The maths of the #KeepPrisonsSingleSex exploit

How to hack the trending algorithm

Mallory Moore
4 min readFeb 3, 2022

This explainer is unpacking research almost entirely due to David Allsopp (aka @doublehelix on Twitter), based on having looked at the data and had conversations with him and Meryl Links on the topic, with a great deal of appreciation for the important work of Logically.AI who have done some excellent follow up work.

UPDATE!!!

We did it. I would estimate maybe 40 to 60 of us hacked Twitter’s trending algorithm, doing a community proof of concept exploit. THANK YOU YOU BEAUTIFUL PEOPLE!

The “trending” algorithm on Twitter seems to be designed to detect buzz about a topic based on there being a significant number of tweets relating to chunks of one or two words. So far as we can tell, the algorithm counts hits within a certain previous time period for a given hashtag. Hashtags in particular are a big part of this and make detection easier, for obvious reasons: a hashtag is all one continuous unambiguous string of letters with no spaces and a clear start and finish, making statistical analysis easier.

A tweet with a hashtag is a hit for the trending algorithm.
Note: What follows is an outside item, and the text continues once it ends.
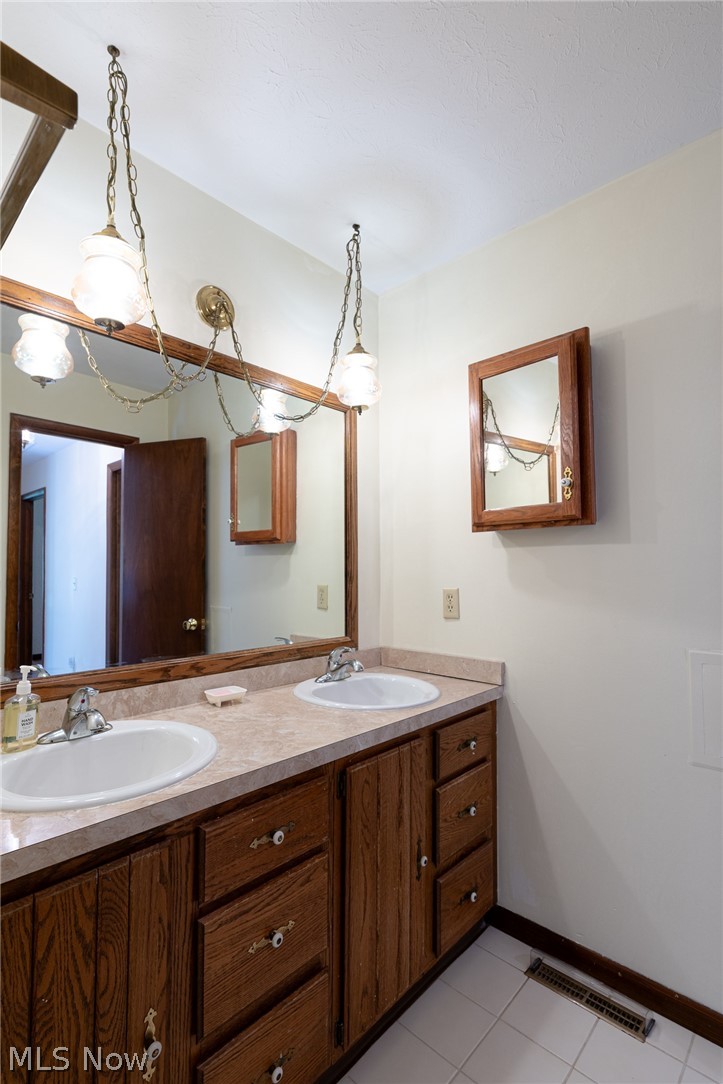495 Cahoon Road Bay Village, OH 44140 - Photo 20 of 34 Gallery Image 20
What surprised us was that a retweet of a tweet containing a hashtag was also a hit for that hashtag. This has some implications, in terms of potential manipulation by organised groups targetting trending algorithms. This was derived from using the API to pull tweets from the last 24 hours for a given hashtag, and noting that the count did not match the number of original tweets alone.

We are going to assume that users are only able to retweet a given tweet once. This isn’t entirely certain but you do need to abuse interfaces in order to retweet a tweet more than once without removing a previous retweet. There is additionally an open question as to whether a quote tweet of a hashtagged tweet may count as an additional hit, but we will leave this out of our model at this point:

2 users who make 10 tweets, and retweet each others tweets results in

(2 × 10) × 2 = 40 hits

2 people accounting for 40 hits on the trending algorithm is weird behaviour but not a big deal in the bigger scheme of things.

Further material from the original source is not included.